第8話 最初の一歩

 人とは、どうしようもない時は叫ぶことしかできない。


「うわぁぁぁ!?」


 ヨゾラは身をもってそれを感じていた。

 重力に引っ張られ、どんどんと加速していく。体勢が定まらず、空中でぐるぐると回る。

 ちらりと見えた下は、広大な森林だった。その中にある湖へ一直線に落ちているが、この高さから落ちれば、水面に当たる衝撃は凄まじいものだろう。
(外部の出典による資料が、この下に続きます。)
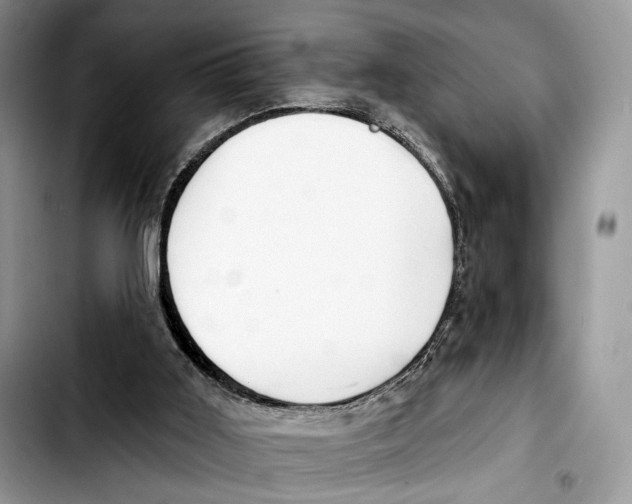X0000103420011200810101029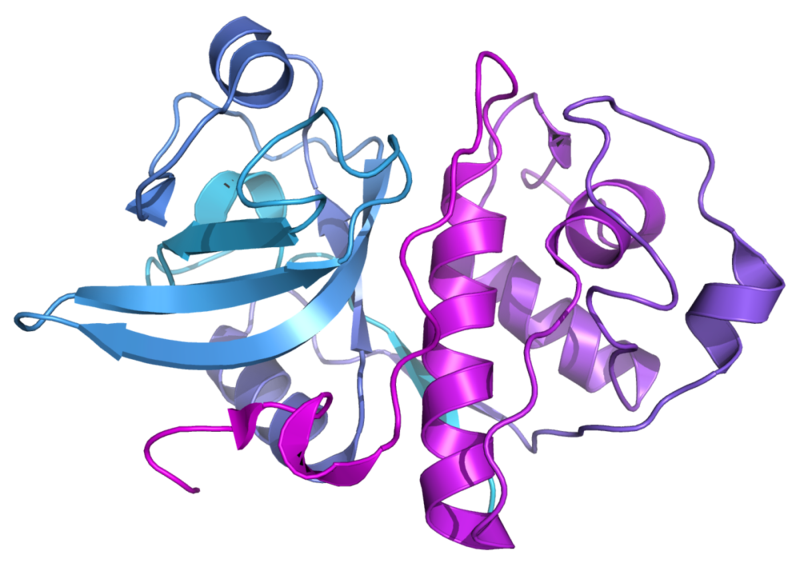 File:Actinidain 1AEC.png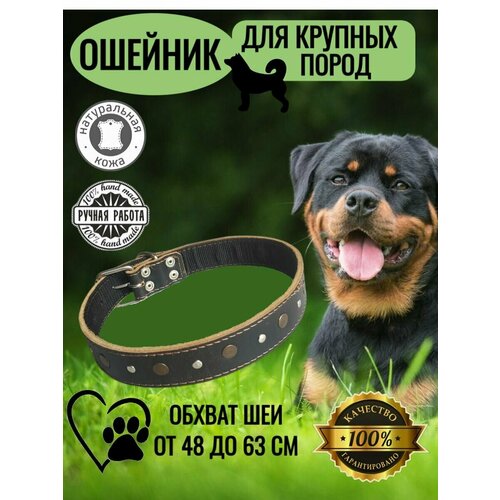 ���� ������� �� ����������� ���� � ���������� ������� ��� ������� ����� �����, �4/ ������ ��� �� 48 �� 63 ��, ����� 70 ��., ������ ������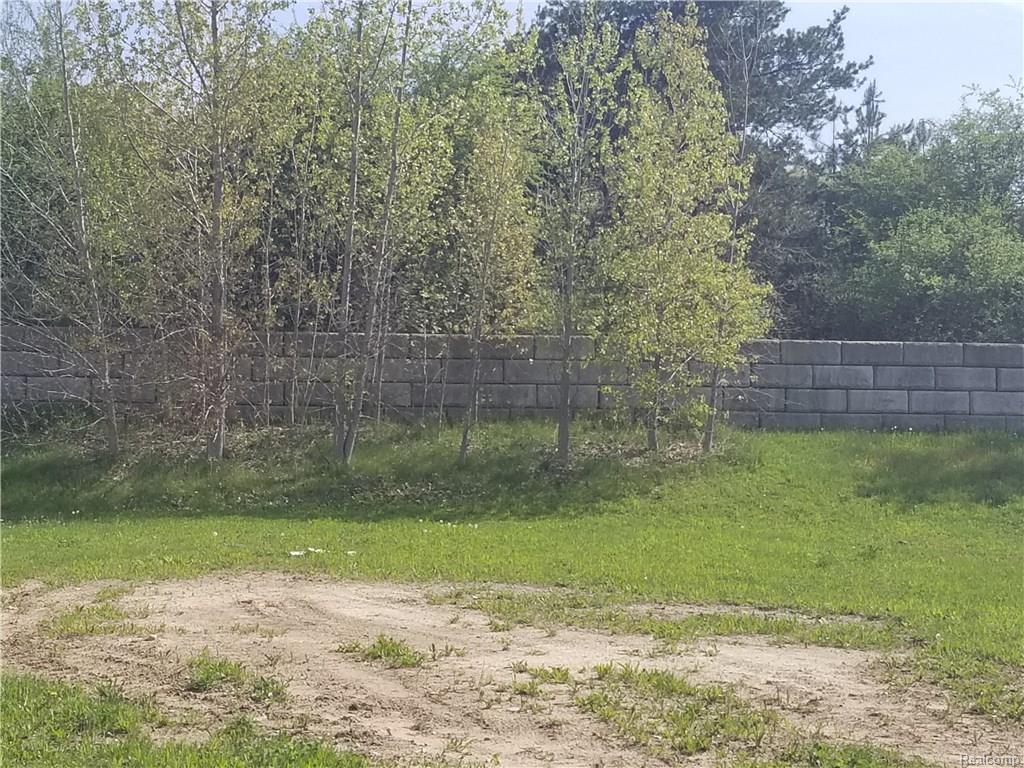 4556 Sunflower Circle - Photo 1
人間の身体などグシャリとなるはずだ。

 やっとの思いで体勢が安定したヨゾラは、いつの間にか右手で握っていたものを訝しげに見た。


「なんだ、これ……」


 それは、一言で言えば剣だった。しかし、その剣の刀身は黒を基調として所々に透き通るような青の装飾がなされている。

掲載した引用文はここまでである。